Les dessous des cartes

par 18 décembre 2018Art contemporain, Exposition

La galerie Dubner Moderne accueille en ses murs « Horizon », une exposition de l’artiste valaisanne Viviane Rombaldi Seppey. Les oeuvres présentées nous emportent par la douceur de leur tonalité dans un univers emprunt de poésie. Ayant pour thème la représentation des lieux, l’artiste articule son travail autour d’objets tels que des annuaires téléphoniques, des cartes géographiques et des atlas.

Fascinée depuis toujours par ces documents utilitaires, l’artiste les sculpte, les entaille, les plie et les découpe. Ainsi, ses atlas prennent de la hauteur jusqu’à se métamorphoser en véritables sculptures. Dans Recto (Atlas) (2017), les pages intérieures d’un livre, coupées en lanières puis tissées comme un panier, s’extraient de la couverture pour former une demi-sphère, évoquant un globe terrestre. Dans Dancing Horizon 2 (2017), c’est à partir d’une ligne creusée à même les pages que s’étoffe une foisonnante végétation de papier. Ainsi, la série entière pare ses oeuvres – ses horizons – de nouveaux reliefs, rappelant autant le monde végétal que minéral.

Recto et Verso (2017)
Flow (2015)

On découvre aussi d’intéressants collages. Certains incorporent des illustrations provenant de l’encyclopédie médicale de Gray pour venir orner d’anciennes cartes de Suisse, apportant une dimension organique aux compositions. Vues de loin, celles-ci nous évoquent quelque peu des amas de cellules qui, colorés par du bleu de méthylène, révèleraient leur structure.

Cette dimension organique est notamment présente dans Flow (2015), où le dessin anatomique d’une tête humaine s’intègre à une carte d’Italie. Les routes deviennent artères, le corps se prolongeant au terrain, ne faisant plus qu’un avec lui. Cela nous pousse a nous poser des questions identitaires. A quel point sommes-nous liés à notre environnement? Quels rapports entretenons-nous avec les lieux où nous avons vécu, où nous avons grandi, où nous vivons? La notion de frontière peut également être abordée. En travaillant avec des objets utilitaires, véritables marqueurs de repères culturels, l’artiste instille une douce poésie en composant de nouvelles cartes, celles de l’individu, de ses paysages personnels et émotionnels.

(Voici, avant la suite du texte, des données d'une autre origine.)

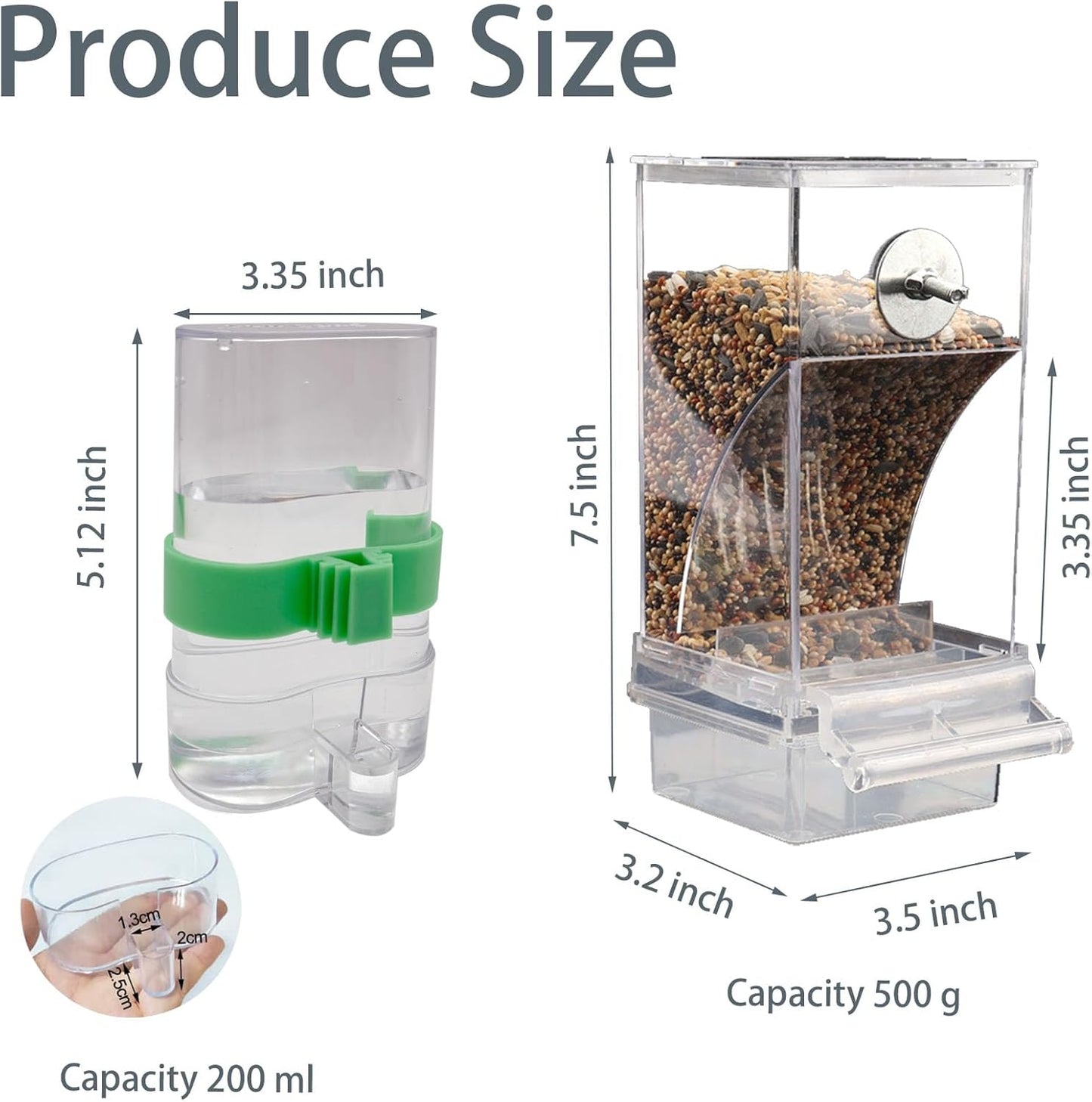 No Mess Bird Feeder Water Dispenser Set, Automatic Transparent Parrot Feeder Acrylic Parrot Food Container Drinker Cage Accessories for Small Birds Parakeet Canary Finch Cockatiel Lovebirds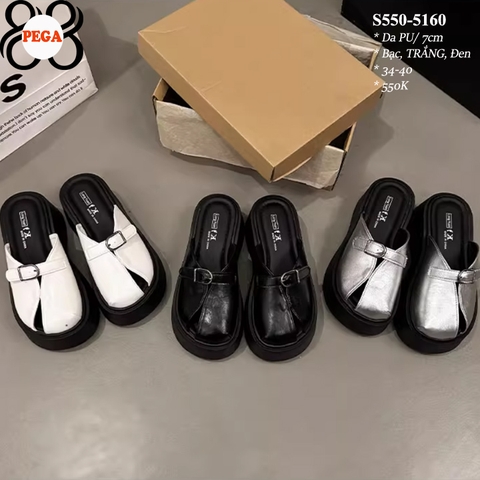 ĐẾ ĐEN - Dép Sục Bít Mũi Hở Gót 7CM da PU Lót Da Êm S550-5160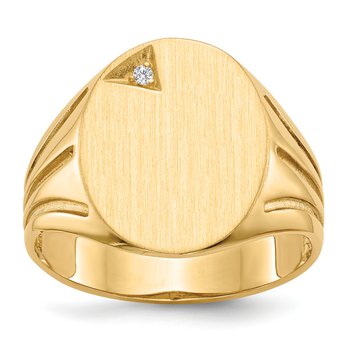 14k 14.0x16.0mm Open Back AA Diamond Mens Signet Ring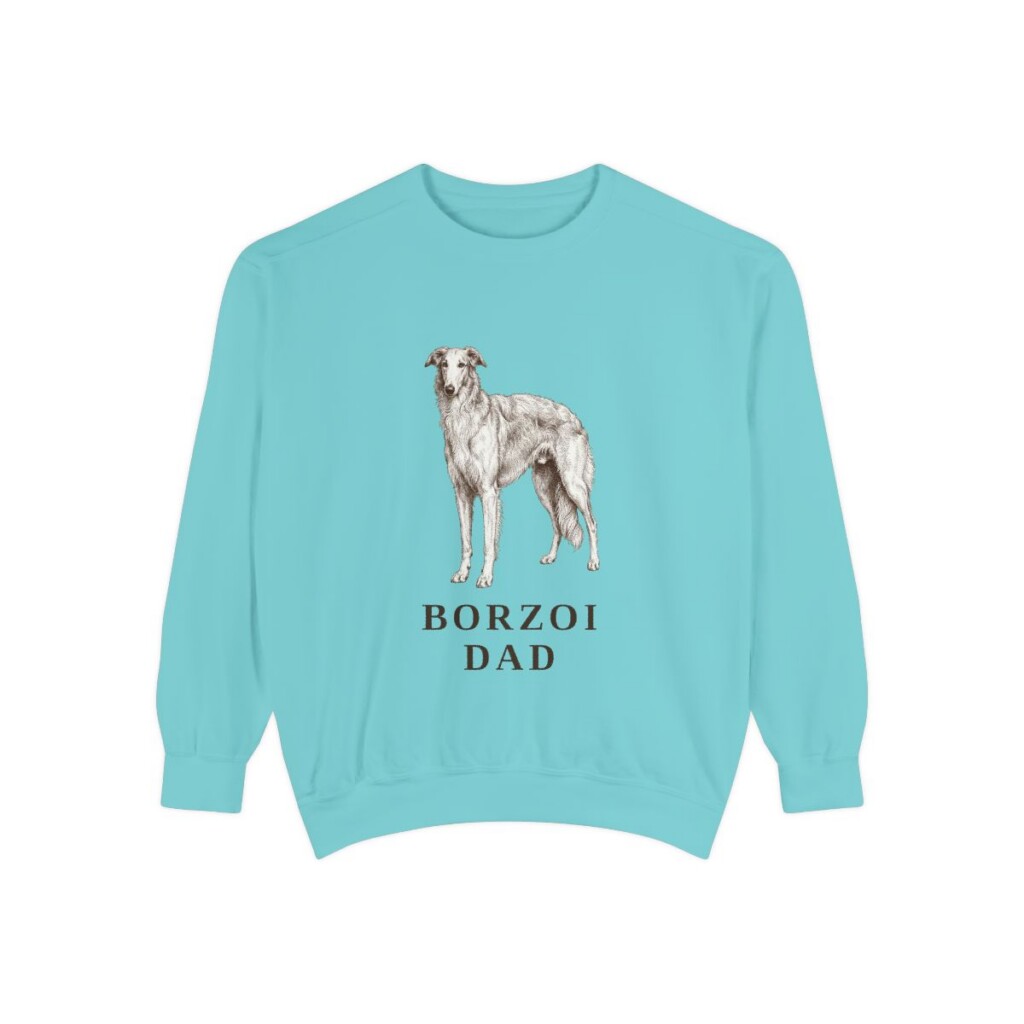 Borzoi Dad Sweatshirt, Chalky Mint, front view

Dans Nurture (2013), ce même jeu cartographique semble esquisser une utopie. Là aussi, un collage est créé à partir d’un atlas et d’un livre d’anatomie. Sur le plan de ce nouveau monde, un sein, découpé dans toute sa rondeur, devient la montagne par laquelle une unique et généreuse rivière prend sa source. Dans cette représentation de la mère nourricière, l’analogie entre la Terre et la femme, toutes deux à l’origine de la vie, apparaît comme une évidence. Les couleurs douces, dans les tons pastels, semblent plaidoyer pour un monde plus juste, équitable et respectueux.

Comme une invitation au voyage, les cartes sont pliées et cousues de manière à créer d’autres horizons. Avec leur format rectangulaire, elles évoquent une fenêtre ouverte sur le monde, nous invitant à méditer sur les liens qui nous unissent à notre environnement, afin peut-être, de pouvoir rêver d’un meilleur futur.

Une exposition à découvrir jusqu’au 21 décembre à la galerie Dubner Moderne à Lausanne.